A view of Firoz Koh, the capital of the western Afghan province of Ghor. (file photo)

FIROZ KOH, Afghanistan -- Nasima, an Afghan woman and claimant, often travels more than 125 kilometers to pursue her divorce case in Ghor, a remote rural province in western Afghanistan.

The 22-year-old, who like many Afghans goes by one name only, says a lack of government courts in her home district has forced her to seek justice in Firoz Koh, the capital of Ghor Province, where a court hears her divorce case.

“We do not have a prosecutor's office or judges in Chahar Sada,” she told Radio Free Afghanistan of her district.

Nasima says that unlike many male litigants in her district, she cannot turn to the makeshift Taliban court for justice that is closer to home. “Most of our people turn their cases over to the Taliban or tribal elders,” she noted. “[But] the Taliban always rules against women or talks about stoning and lashing [them]."

The Taliban’s alternative justice system is gaining traction in many regions that the hard-line militants control or contest with the Afghan government, experts say. In Ghor, officials in Chahar Sada, Shahrak, Dolaina, and Pasaband, four of the provinces’ 11 districts, say a lack of government courts, judges, and prosecutors has forced people to go to the Taliban courts or local mosques for legal assistance.

The growing reliance on Taliban courts in rural Afghanistan is important as the group negotiates peace with the Afghan government. It underscores gains by the insurgents over Kabul, which locals say has failed to establish a functioning judiciary despite receiving billions of dollars in international aid over the past two decades.

The General Directorate of Courts of Appeal in Firoz Koh, the capital of the western Afghan province of Ghor.
The General Directorate of Courts of Appeal in Firoz Koh, the capital of the western Afghan province of Ghor.

The Taliban has stepped in to fill this vacuum by establishing shadow courts that attract those seeking to settle disputes or mete out justice.

"Many civil and criminal cases remain stuck in our courts,” said Gholam Sakhi Sabooryaar, district governor of Shahrak, of the stagnant judiciary. “Local elders help with [resolving] some of these cases while those with more serious cases go to the Taliban courts,” he added. “This has been a problem.”

Rights campaigners in Ghor say that government corruption, a weak rule of law, lack of access to courts and mounting insecurity are prompting some in the province to turn to the Taliban courts.

Mubarak Shah Shirzadah, provincial head of Afghanistan’s Independent Human Rights Commission, says that many litigants approach the Taliban court in desperation because they have no other choice.

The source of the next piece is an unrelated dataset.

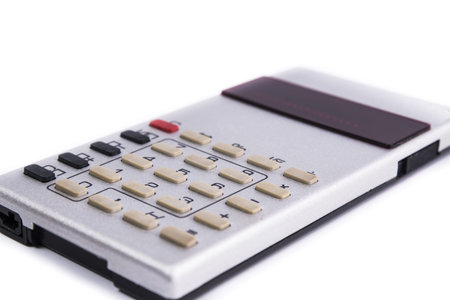 Old silver calculator made by USSR with red display on white background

"When citizens and people go to the Taliban to have their cases heard, there is no guarantee that the rights of both sides will be respected,” he told Radio Free Afghanistan. “These courts do not follow a specific [Afghan] law that guarantees to protect the rights of the defendants and claimants.”

The Taliban Law

During its rule in Afghanistan in the second half of the 1990s, the Taliban enforced what it said was Islamic Shari’a law, which emphasized the enforcement of certain laws. These edicts, collectively called Hudood, invoked harsh punishments such as execution for murder, limb amputations for theft, and death by stoning for adultery. Such punishments attracted strong international condemnation and opposition.

Today Qari Yusuf Ahmadi, a purported Taliban spokesman, says the group addresses all cases in a three-tier court system in the areas it controls, including some districts in Ghor.

"Every case goes through those courts and the decisions are announced in the presence of the claimant and the defendant,” he said. Judges are part of the shadow Taliban administration that now controls or contests large parts of the Afghan countryside. They have used the courts to undermine government control and to question its legitimacy and efficiency.

Ghor's Appellate Prosecutor's office in Firoz Koh.
Ghor's Appellate Prosecutor's office in Firoz Koh.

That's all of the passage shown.